Exercise directions — Each record that follows is to be duplicated exactly, though its pictures are not.

Image-caption web data —

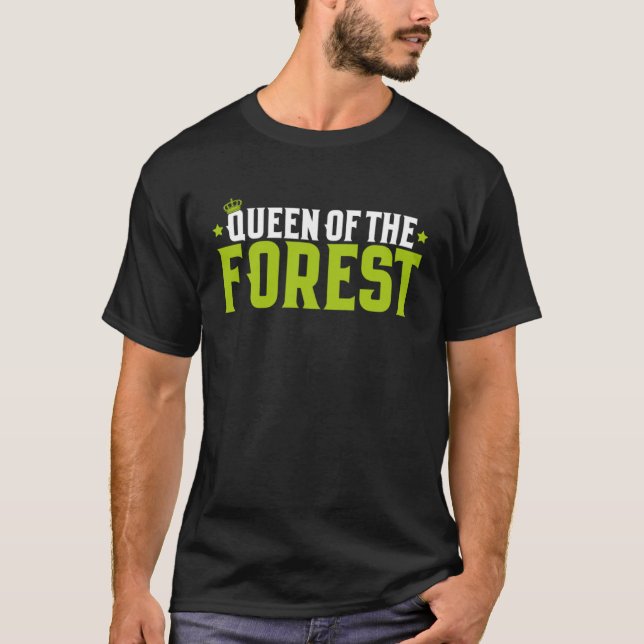 Forestry Queen Of The Forest Forester T-Shirt (Front)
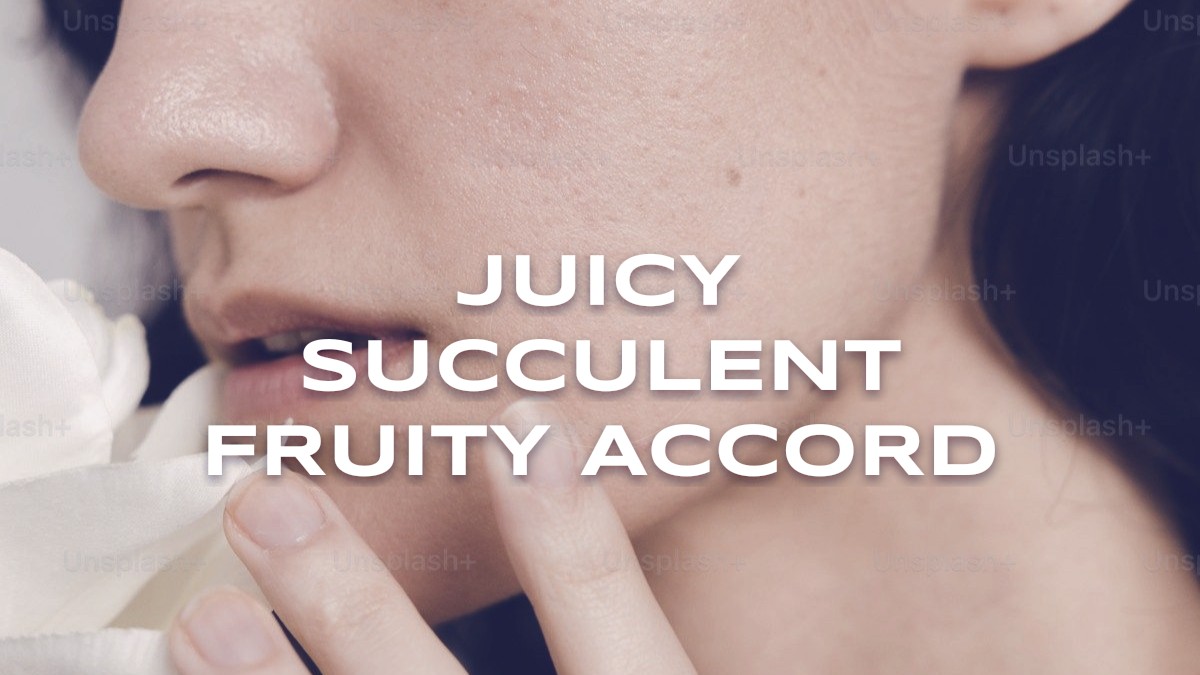 juicy succulent fruity accord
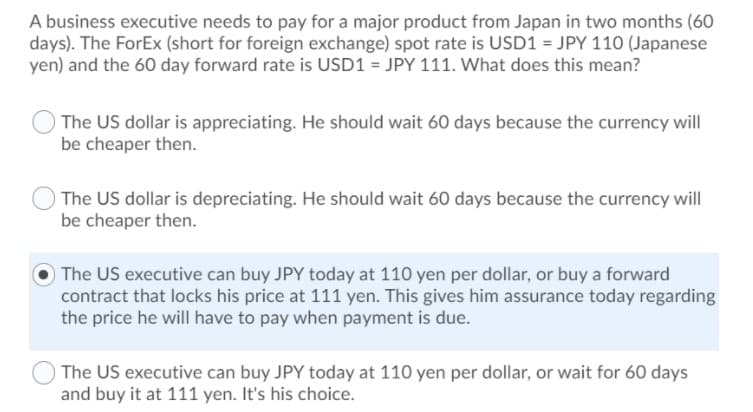 A business executive needs to pay for a major product from Japan in two months (60
days). The ForEx (short for foreign exchange) spot rate is USD1 = JPY 110 (Japanese
yen) and the 60 day forward rate is USD1 = JPY 111. What does this mean?
The US dollar is appreciating. He should wait 60 days because the currency will
be cheaper then.
The US dollar is depreciating. He should wait 60 days because the currency will|
be cheaper then.
The US executive can buy JPY today at 110 yen per dollar, or buy a forward
contract that locks his price at 111 yen. This gives him assurance today regarding
the price he will have to pay when payment is due.
The US executive can buy JPY today at 110 yen per dollar, or wait for 60 days
and buy it at 111 yen. It's his choice.
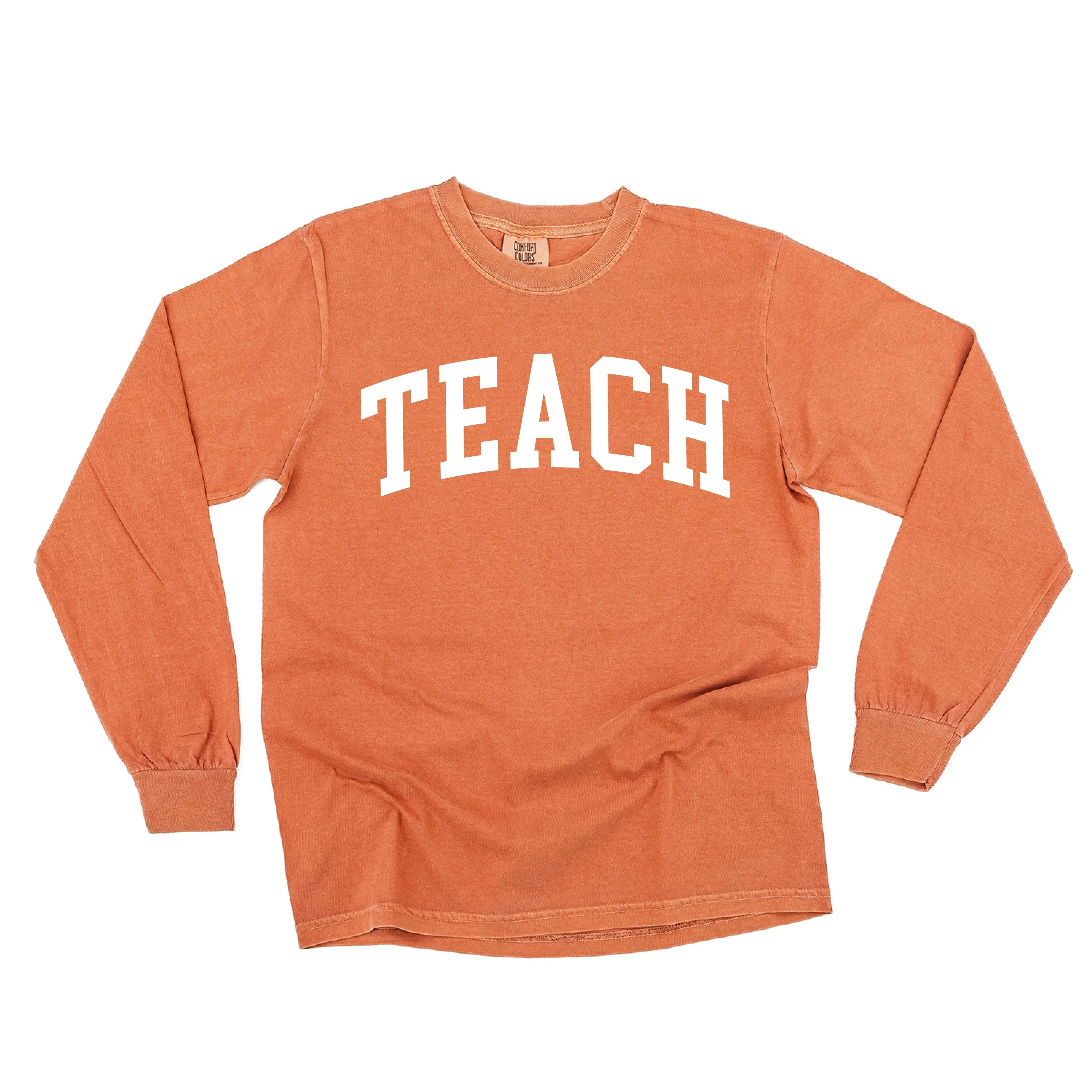 TEACH (Varsity) - LONG SLEEVE COMFORT COLORS TEE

Written response —
 Forestry Queen Of The Forest Forester T-Shirt (Front)
 juicy succulent fruity accord
 A business executive needs to pay for a major product from Japan in two months (60
days). The ForEx (short for foreign exchange) spot rate is USD1 = JPY 110 (Japanese
yen) and the 60 day forward rate is USD1 = JPY 111. What does this mean?
The US dollar is appreciating. He should wait 60 days because the currency will
be cheaper then.
The US dollar is depreciating. He should wait 60 days because the currency will|
be cheaper then.
The US executive can buy JPY today at 110 yen per dollar, or buy a forward
contract that locks his price at 111 yen. This gives him assurance today regarding
the price he will have to pay when payment is due.
The US executive can buy JPY today at 110 yen per dollar, or wait for 60 days
and buy it at 111 yen. It's his choice.
 TEACH (Varsity) - LONG SLEEVE COMFORT COLORS TEE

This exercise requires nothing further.